### Task to carry out
Word for word, repeat all of the entries below.

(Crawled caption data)

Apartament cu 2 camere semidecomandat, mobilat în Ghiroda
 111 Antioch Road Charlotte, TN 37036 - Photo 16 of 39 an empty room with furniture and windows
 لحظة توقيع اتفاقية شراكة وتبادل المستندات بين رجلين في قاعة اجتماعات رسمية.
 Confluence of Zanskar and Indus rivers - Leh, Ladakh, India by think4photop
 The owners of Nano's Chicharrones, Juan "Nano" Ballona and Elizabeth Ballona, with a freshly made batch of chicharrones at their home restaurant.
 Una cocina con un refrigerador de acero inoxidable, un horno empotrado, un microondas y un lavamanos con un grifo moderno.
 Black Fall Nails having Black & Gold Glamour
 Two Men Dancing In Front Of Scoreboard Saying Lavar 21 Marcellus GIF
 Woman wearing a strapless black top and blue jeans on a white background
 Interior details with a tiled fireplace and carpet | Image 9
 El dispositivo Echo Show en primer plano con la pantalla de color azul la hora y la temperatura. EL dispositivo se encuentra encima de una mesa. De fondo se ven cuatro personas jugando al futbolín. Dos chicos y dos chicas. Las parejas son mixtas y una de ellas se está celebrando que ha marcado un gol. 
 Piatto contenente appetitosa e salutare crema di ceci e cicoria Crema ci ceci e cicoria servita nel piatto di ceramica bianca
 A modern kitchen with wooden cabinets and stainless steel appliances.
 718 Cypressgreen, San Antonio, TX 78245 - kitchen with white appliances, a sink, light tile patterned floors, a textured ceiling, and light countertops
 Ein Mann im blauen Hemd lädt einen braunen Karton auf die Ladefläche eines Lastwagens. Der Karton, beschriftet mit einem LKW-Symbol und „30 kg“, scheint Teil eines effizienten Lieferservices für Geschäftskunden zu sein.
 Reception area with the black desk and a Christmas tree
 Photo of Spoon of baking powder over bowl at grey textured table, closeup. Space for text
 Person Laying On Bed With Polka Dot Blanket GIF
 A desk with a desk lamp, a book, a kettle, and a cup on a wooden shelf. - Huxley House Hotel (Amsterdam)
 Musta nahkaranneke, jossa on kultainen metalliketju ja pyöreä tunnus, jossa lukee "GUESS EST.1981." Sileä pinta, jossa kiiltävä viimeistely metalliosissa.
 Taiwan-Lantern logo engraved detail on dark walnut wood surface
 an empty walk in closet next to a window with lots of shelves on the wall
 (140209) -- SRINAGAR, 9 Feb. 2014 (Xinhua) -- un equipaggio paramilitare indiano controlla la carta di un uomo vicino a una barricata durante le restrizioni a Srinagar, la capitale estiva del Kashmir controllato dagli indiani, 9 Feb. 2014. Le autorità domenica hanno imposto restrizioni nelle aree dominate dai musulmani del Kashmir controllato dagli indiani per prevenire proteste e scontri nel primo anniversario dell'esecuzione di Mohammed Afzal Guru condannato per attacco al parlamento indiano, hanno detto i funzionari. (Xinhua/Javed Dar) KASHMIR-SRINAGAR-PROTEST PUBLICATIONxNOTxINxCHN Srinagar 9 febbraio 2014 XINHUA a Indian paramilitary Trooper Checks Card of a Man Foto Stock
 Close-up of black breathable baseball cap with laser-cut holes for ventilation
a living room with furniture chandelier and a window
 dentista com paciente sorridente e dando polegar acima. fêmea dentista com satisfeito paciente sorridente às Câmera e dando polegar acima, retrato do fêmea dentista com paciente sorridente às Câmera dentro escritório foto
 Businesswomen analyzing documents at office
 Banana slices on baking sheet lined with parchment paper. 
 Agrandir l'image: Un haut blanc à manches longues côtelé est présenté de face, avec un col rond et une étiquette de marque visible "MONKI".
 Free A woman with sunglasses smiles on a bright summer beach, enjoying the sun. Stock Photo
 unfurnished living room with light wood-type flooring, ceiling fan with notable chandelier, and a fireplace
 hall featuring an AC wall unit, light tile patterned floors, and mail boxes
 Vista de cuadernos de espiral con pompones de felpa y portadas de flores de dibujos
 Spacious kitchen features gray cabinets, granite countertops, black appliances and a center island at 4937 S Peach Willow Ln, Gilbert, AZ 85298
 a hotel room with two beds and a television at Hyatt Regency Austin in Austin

### Response to the task
Apartament cu 2 camere semidecomandat, mobilat în Ghiroda
 111 Antioch Road Charlotte, TN 37036 - Photo 16 of 39 an empty room with furniture and windows
 لحظة توقيع اتفاقية شراكة وتبادل المستندات بين رجلين في قاعة اجتماعات رسمية.
 Confluence of Zanskar and Indus rivers - Leh, Ladakh, India by think4photop
 The owners of Nano's Chicharrones, Juan "Nano" Ballona and Elizabeth Ballona, with a freshly made batch of chicharrones at their home restaurant.
 Una cocina con un refrigerador de acero inoxidable, un horno empotrado, un microondas y un lavamanos con un grifo moderno.
 Black Fall Nails having Black & Gold Glamour
 Two Men Dancing In Front Of Scoreboard Saying Lavar 21 Marcellus GIF
 Woman wearing a strapless black top and blue jeans on a white background
 Interior details with a tiled fireplace and carpet | Image 9
 El dispositivo Echo Show en primer plano con la pantalla de color azul la hora y la temperatura. EL dispositivo se encuentra encima de una mesa. De fondo se ven cuatro personas jugando al futbolín. Dos chicos y dos chicas. Las parejas son mixtas y una de ellas se está celebrando que ha marcado un gol. 
 Piatto contenente appetitosa e salutare crema di ceci e cicoria Crema ci ceci e cicoria servita nel piatto di ceramica bianca
 A modern kitchen with wooden cabinets and stainless steel appliances.
 718 Cypressgreen, San Antonio, TX 78245 - kitchen with white appliances, a sink, light tile patterned floors, a textured ceiling, and light countertops
 Ein Mann im blauen Hemd lädt einen braunen Karton auf die Ladefläche eines Lastwagens. Der Karton, beschriftet mit einem LKW-Symbol und „30 kg“, scheint Teil eines effizienten Lieferservices für Geschäftskunden zu sein.
 Reception area with the black desk and a Christmas tree
 Photo of Spoon of baking powder over bowl at grey textured table, closeup. Space for text
 Person Laying On Bed With Polka Dot Blanket GIF
 A desk with a desk lamp, a book, a kettle, and a cup on a wooden shelf. - Huxley House Hotel (Amsterdam)
 Musta nahkaranneke, jossa on kultainen metalliketju ja pyöreä tunnus, jossa lukee "GUESS EST.1981." Sileä pinta, jossa kiiltävä viimeistely metalliosissa.
 Taiwan-Lantern logo engraved detail on dark walnut wood surface
 an empty walk in closet next to a window with lots of shelves on the wall
 (140209) -- SRINAGAR, 9 Feb. 2014 (Xinhua) -- un equipaggio paramilitare indiano controlla la carta di un uomo vicino a una barricata durante le restrizioni a Srinagar, la capitale estiva del Kashmir controllato dagli indiani, 9 Feb. 2014. Le autorità domenica hanno imposto restrizioni nelle aree dominate dai musulmani del Kashmir controllato dagli indiani per prevenire proteste e scontri nel primo anniversario dell'esecuzione di Mohammed Afzal Guru condannato per attacco al parlamento indiano, hanno detto i funzionari. (Xinhua/Javed Dar) KASHMIR-SRINAGAR-PROTEST PUBLICATIONxNOTxINxCHN Srinagar 9 febbraio 2014 XINHUA a Indian paramilitary Trooper Checks Card of a Man Foto Stock
 Close-up of black breathable baseball cap with laser-cut holes for ventilation
a living room with furniture chandelier and a window
 dentista com paciente sorridente e dando polegar acima. fêmea dentista com satisfeito paciente sorridente às Câmera e dando polegar acima, retrato do fêmea dentista com paciente sorridente às Câmera dentro escritório foto
 Businesswomen analyzing documents at office
 Banana slices on baking sheet lined with parchment paper. 
 Agrandir l'image: Un haut blanc à manches longues côtelé est présenté de face, avec un col rond et une étiquette de marque visible "MONKI".
 Free A woman with sunglasses smiles on a bright summer beach, enjoying the sun. Stock Photo
 unfurnished living room with light wood-type flooring, ceiling fan with notable chandelier, and a fireplace
 hall featuring an AC wall unit, light tile patterned floors, and mail boxes
 Vista de cuadernos de espiral con pompones de felpa y portadas de flores de dibujos
 Spacious kitchen features gray cabinets, granite countertops, black appliances and a center island at 4937 S Peach Willow Ln, Gilbert, AZ 85298
 a hotel room with two beds and a television at Hyatt Regency Austin in Austin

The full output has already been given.